Quanto à sua polémica com António Sérgio, abordá-la-emos em próximos posts.
Sendo monárquico convicto, Malheiro Dias, sem abdicar das suas convicções, cultivou um espírito de convivência com os seus pares, mesmo com os republicanos mais intransigentes, reconhecendo o seu mérito, quando era o caso. Por exemplo, prefaciou Jardim das tormentas, de Aquilino Ribeiro, o qual esteve presente no seu funeral, em 1941, e em que Júlio Dantas fez o elogio fúnebre, no cemitério do Lumiar, dizendo que "nenhum dos romances de Malheiro Dias [...] é tão comovedor como o romance da sua própria vida", evocando o homem e o seu drama, defendendo que na sua obra "se conjugam o vigor de Camilo e a elegância de Eça, e em que todos os géneros se encontram opulentamente representados" e terminando protestando que não é aquele "pobre cemitério de toda a gente" o cenário para despedir-se de Malheiro Dias, mas o Panteão, onde o devia acolher a "gratidão nacional".
Passou o escritor parte da sua vida no Brasil. Viajou para o Rio e Janeiro em 1893 e ali se manteve até 1896, ano em que foi publicado o romance A Mulata, que provocou grande escândalo e forçou Maalheiro Dias a regressar. Voltou ao Brasil em 1913, depois da proclamação da República em Portugal e aí permaneceu até 1935, quando gravemente doente retornou a Lisboa, mas já não lhe foi possível ocupar o cargo de embaixador de Portugal em Madrid, para que fora nomeado por sugestão de António Ferro.

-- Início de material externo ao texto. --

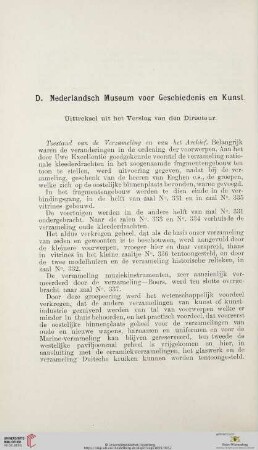 D. Nederlandsch Museum voor Geschiedenis en Kunst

Concluímos com esta transcrição da contracapa: «Pelo seu talento de romancista, considerado o legítimo herdeiro de Eça de Queirós, Carlos Malheiro Dias abandonou, porém, a ficção para se dedicar ao jornalismo. As razões, mais pessoais que literárias, de tal "deserção" são estudadas neste livro, à luz de documentos inéditos do espólio do escritor. Procurando restituir a Carlos Malheiro Dias o lugar que lhe cabe na literatura portuguesa, esta obra sublinha também os aspectos camilianos deste ficcionista queirosiano.»